On the morning of March 15th, YouTube influencer Casey Neistat received a text from a co-worker: a stranger had shown up at 368, his co-working space for YouTube creators, and refused to leave. Cellphone footage captured from the incident shows vlogger Dan Mace and former Verge employee Sam Sheffer repeatedly asking the man to leave. “Ultimately, the police did have to come,” Neistat says in a vlog uploaded later. “We did file a proper police report here. The crime is criminal trespassing.”

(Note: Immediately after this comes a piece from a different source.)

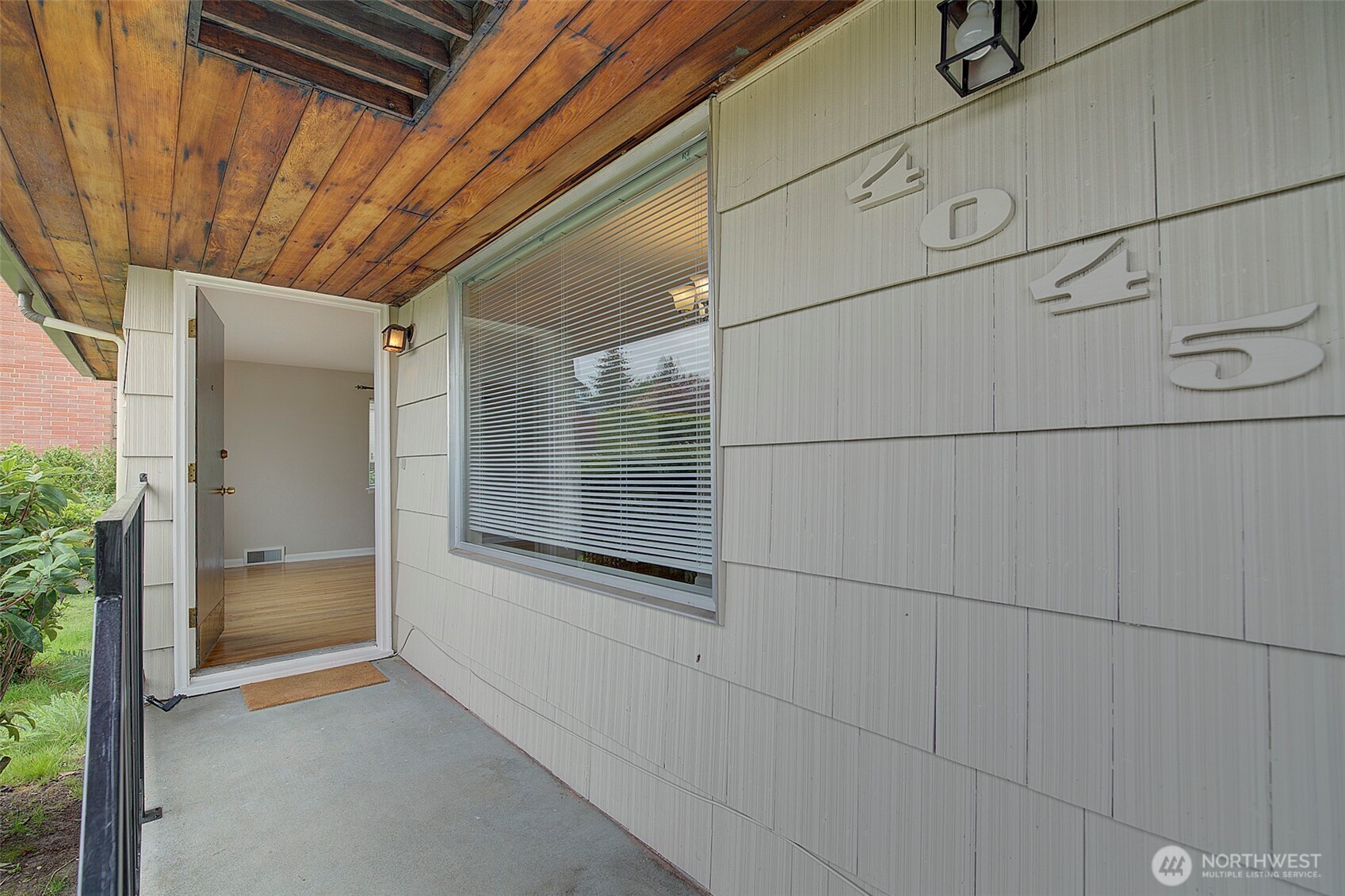 4045 29th Avenue W, Seattle, WA 98199-1743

Internet personalities have long had to balance being authentic with viewers and their own safety. In February 2018 alone, an armed gunman targeted social media stars Meg Turney and Gavin Free, and a fan broke into YouTuber Logan Paul’s home. Twitch streamers have had fans show up at their homes or even swat them live on air for years. On his channel, Neistat (who appeared on The Vergecast previously) expressed his frustrations with fans who cross boundaries. “Look, I don’t know if this guy wanted to hurt me, if he wanted a selfie with me,” he says. “I have no idea what he wanted. But when he was confronted by three people who clearly know me, he refused to leave. Showing up at my office — as public as I make the address — showing up here is just not appropriate.”
He encourages fans to say hi if they see him on the street, but there are limits to what’s appropriate. “This was kind of a scary situation, but just in general, please be respectful of my office space.”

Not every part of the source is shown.